“For the first time in my life and probably the last, I have lived for a week in a great city where everybody is happy. Moreover, since the city is Paris, everybody makes this euphoria manifest.”
Except for the dubious one about the printing press, that may be the best-known sentence A.J. Liebling ever wrote. He loved France, spoke the language and wrote better than anyone about its food. Seventy-seven years ago today, Liebling was aboard infantry landing craft LCIL (Landing Craft Infantry: Large) 88 off the coast of Normandy along with thirty G.I.’s. He documented his experience of D-Day as a correspondent for The New Yorker in a piece unglamorously titled “Cross-Channel Trip.” The sentence at the top is from his “Letter from Paris” published in the magazine on September 1, 1944 – five years to the day since Hitler invaded Poland and started World War II. In it, Liebling describes the liberation of Paris on August 25, proceeding in exultant Liebling fashion:
“To drive along the boulevards in a jeep is like walking into some as yet unmade René Clair film, with hundreds of bicyclists coming toward you in a stream that divides before the jeep just when you feel sure that a collision is imminent. Among the bicyclists there are pretty girls, their hair dressed high on their heads in what seems to be the current mode here. These girls show legs of a length and slimness and firmness and brownness never associated with French womanhood. Food restrictions and the amount of bicycling that is necessary in getting around in a big city without any other means of transportation have endowed these girls with the best figures in the world, which they will doubtless be glad to trade in for three square meals, plentiful supplies of chocolate, and a seat in the family Citroën as soon as the situation becomes more normal.”

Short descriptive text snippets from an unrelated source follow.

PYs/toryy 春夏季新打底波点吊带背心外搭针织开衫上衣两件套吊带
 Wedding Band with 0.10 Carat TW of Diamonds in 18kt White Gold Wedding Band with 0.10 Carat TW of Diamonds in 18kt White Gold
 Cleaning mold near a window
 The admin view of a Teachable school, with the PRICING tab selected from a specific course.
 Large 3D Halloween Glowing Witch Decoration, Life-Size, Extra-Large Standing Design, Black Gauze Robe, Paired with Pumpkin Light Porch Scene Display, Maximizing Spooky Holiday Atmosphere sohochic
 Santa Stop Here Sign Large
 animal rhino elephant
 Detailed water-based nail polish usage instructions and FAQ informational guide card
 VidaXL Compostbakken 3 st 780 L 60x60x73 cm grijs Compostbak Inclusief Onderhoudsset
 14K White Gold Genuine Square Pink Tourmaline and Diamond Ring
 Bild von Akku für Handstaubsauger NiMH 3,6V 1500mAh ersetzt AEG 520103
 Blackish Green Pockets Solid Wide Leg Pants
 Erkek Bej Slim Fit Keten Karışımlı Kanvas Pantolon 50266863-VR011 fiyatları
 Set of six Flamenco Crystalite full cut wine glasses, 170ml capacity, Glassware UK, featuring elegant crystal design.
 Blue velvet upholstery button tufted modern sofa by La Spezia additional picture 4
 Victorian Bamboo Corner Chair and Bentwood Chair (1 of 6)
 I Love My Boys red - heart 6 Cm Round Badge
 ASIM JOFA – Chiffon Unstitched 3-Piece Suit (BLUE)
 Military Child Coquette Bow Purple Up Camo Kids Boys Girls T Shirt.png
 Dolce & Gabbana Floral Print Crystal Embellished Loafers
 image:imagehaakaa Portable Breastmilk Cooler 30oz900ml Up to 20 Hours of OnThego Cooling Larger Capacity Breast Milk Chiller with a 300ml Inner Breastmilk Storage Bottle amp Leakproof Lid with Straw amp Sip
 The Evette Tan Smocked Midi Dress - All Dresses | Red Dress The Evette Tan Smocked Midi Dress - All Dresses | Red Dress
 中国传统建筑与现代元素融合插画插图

It’s all there – the precise allusion (see Clair’s Sous les Toits de Paris), the wit, the women, the food, the eye for telling detail, the love of France. A mediocre writer throws a soggy blanket over a festive occasion. Liebling pops the cork and leads the celebration.
The book to get is his World War II Writings, published by the Library of America in 2008. It collects all four of his war books and much of his previously uncollected reporting. I say “reporting” because Liebling never stopped being a journalist, but read him for the exuberance of his prose.